_What you will do_:
Locate, in the data below, the line that contains "Rani pink embroidery" and the line that contains "Faux Leather Armless"; reproduce exactly those two lines and every line between them, nothing more.

_Data in this exercise_:
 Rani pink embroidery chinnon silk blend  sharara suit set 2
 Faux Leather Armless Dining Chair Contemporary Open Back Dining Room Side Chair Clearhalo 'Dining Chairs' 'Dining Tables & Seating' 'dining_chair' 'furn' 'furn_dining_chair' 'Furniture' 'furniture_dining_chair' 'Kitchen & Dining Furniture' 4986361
...
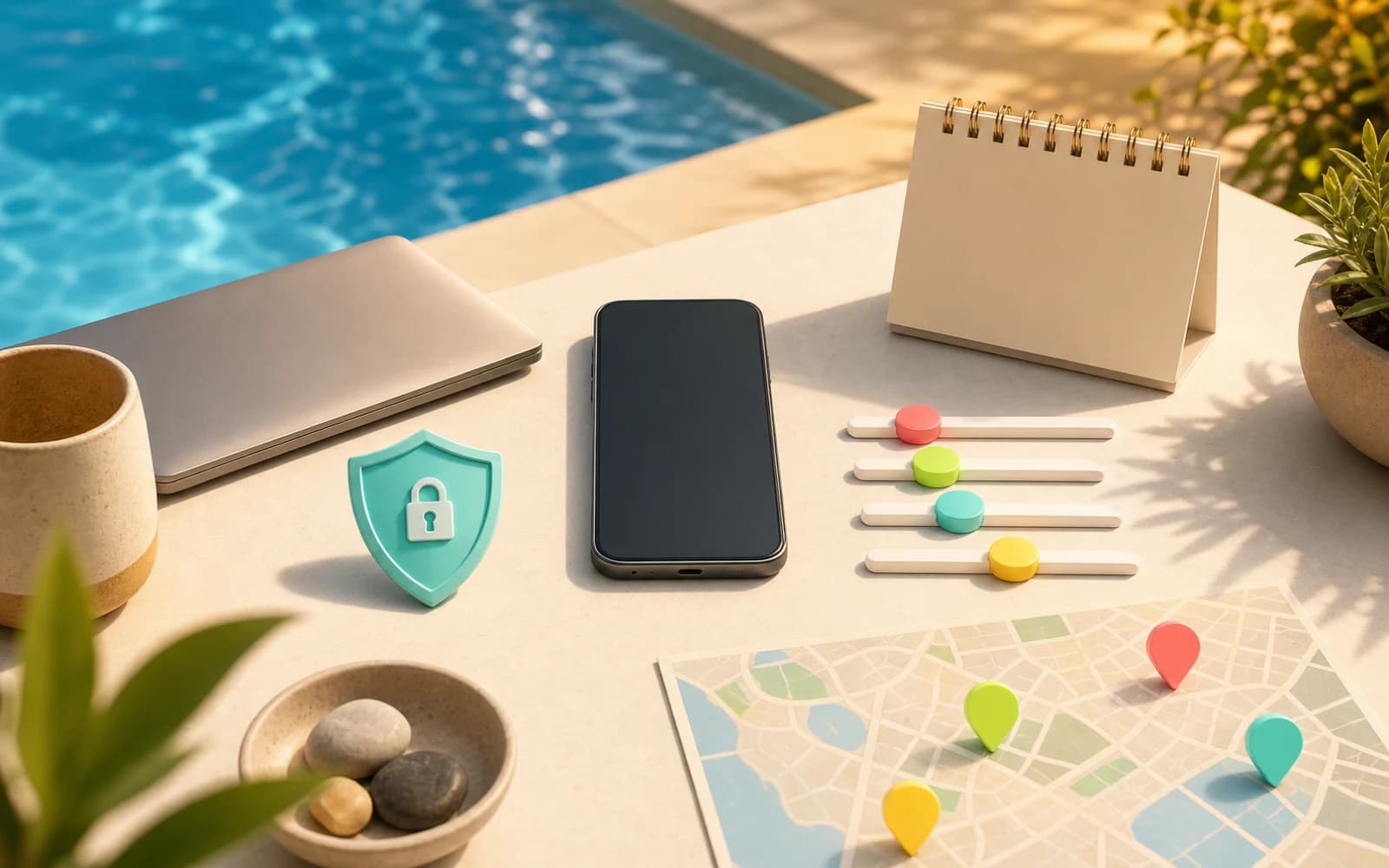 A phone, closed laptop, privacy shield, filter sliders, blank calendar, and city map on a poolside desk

_Finished task_:
 Rani pink embroidery chinnon silk blend  sharara suit set 2
 Faux Leather Armless Dining Chair Contemporary Open Back Dining Room Side Chair Clearhalo 'Dining Chairs' 'Dining Tables & Seating' 'dining_chair' 'furn' 'furn_dining_chair' 'Furniture' 'furniture_dining_chair' 'Kitchen & Dining Furniture' 4986361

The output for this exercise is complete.